One of the most influential proponents of these views has been British
‘historian’ David Irving, who, using his brilliant command of
German, went to Germany to spread his poisonous views, which have,
fortunately, been discredited.
Also,
in France there have been desecrations of Jewish cemeteries coupled with
the well-known popularity of the ultra-right. Ironically, the latter
spreads its message against the large immigrant population, including
those of Arab origin, who in turn form an anti-Semitic faction due to
the Palestinian-Israeli issue. (People
also form liaisons of convenience (see third link below)).
This leads on to the second song from the album ‘Happiness?’
on which I’ll write a few words – ‘Foreign Sand’. (Lyrics
below).
Relevant
links about Neo-Nazism:
http://www.rickross.com/reference/neonazis/neonazis15.html
http://www.telegraph.co.uk/news/main.jhtml?xml=/news/2005/01/09/wnazi09.xml&sSheet=/news/2005/01/09/ixworld.html
http://www.searchlightmagazine.com/stopthebnp/uncovered/pg03.htm
Some background to the song itself:
http://www.brianmay.com/roger/press/nazis1994.html
Foreign
Sand by Roger Taylor and Yoshiki
Here we go - ain't it
grand
Here we stand on foreign sand
And we're not alone
Why do we fear what we don't understand
Can't we reach out our hands to try, just say 'hello'
Try to plant a seed - fulfil the need - to make it grow - just say hello
And when you're far from home try to learn from what you see
Your eyes will tell you everything you need
Why do we dread what we don't really know
Come not as concubine - come not as foe
Come with intentions clearly shown
Try to plant a seed - fulfil the need - to make it grow - just say hello
And though you're far from home, try to learn from all you see
Your mind will tell you everything you need - everything you need
Here we go ain't it grand
Here we stand on foreign sand
And we're not alone
Red, yellow, black and white
Every man stand in the light - stand not alone
It's not a lie - it's not a sham - we play for keeps - it's not a scam
No bigotry - we're hand in hand - it ain't a cinch - we make a stand
We learn to live on foreign sand
Just say hello
Why do we despise when we can't even speak
We keep on spreading lies
As far as we know it's the only way to be
Try to plant a seed - fulfil the need - to make it grow – just say
hello
And though you're far from home try to learn what you could be
Your heart will tell you everything you need
even though you stand here you stand on foreign sand
Ain't it grand here we stand
On foreign sand
Together we stand
Here we stand
On foreign sand
I
love this song – it’s a beautiful melody, carrying a really great
message. ‘Why do we fear what we don’t understand?’ The answer to
this question may lie in the prejudices we build up over the one-sided
view we may develop over foreigners we encounter at home.

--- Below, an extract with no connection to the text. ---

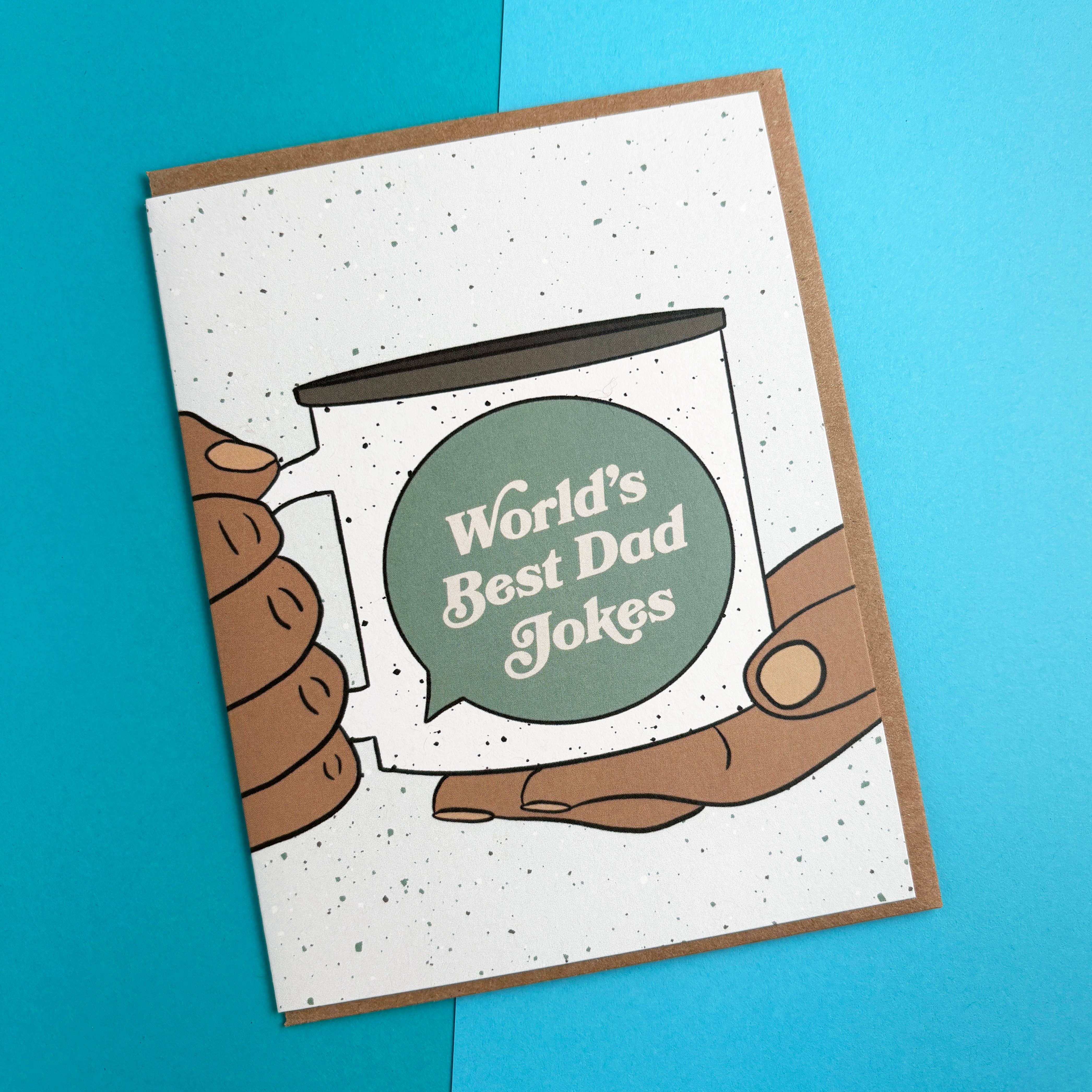 Boss Dotty Paper Co. - Venta al por mayor Tarjetas del Día del Padre - Tarjeta para el Día del Padre2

I think it’s
fair to look at the theme of travelling to learn about others and our
treatment of immigrants in tandem.
My
first big trip abroad was to China when I was nineteen. The nine months
I spent there were unquestionably life-changing. Not only did I gain
first hand experience of China, but I also met students from other
countries. For example, Arabs in London in the seventies received a very
negative press. There were instances of Arabs who had gained wealth
through oil who were shoplifting from London shops despite having lots
of cash on their person. But when I was in China, I made a very good
friend with an Arab student from North Yemen* – from him and a
Pakistani student I learned a lot about Islam.
Similarly,
the other time I spent abroad as a student – in East Germany was
educational in the sense that I met people (either workers or students)
from countries which were aligned with the eastern bloc – as the world
was divided along those lines at the time – such as Vietnam, Algeria,
Cuba, South Yemen* and other eastern European countries. I have happy
memories of conversations with all of them. It was only the students
from North Korea who were not allowed to speak with us. They were
dressed in blue ‘Mao-style’ suits, each with a badge of the leader
on the lapel.
In
the midst of the continuing debate about asylum seekers in the UK,
it’s people who stand out as being foreign who attract attention. But
it’s often ignored that most immigrants come from ‘white’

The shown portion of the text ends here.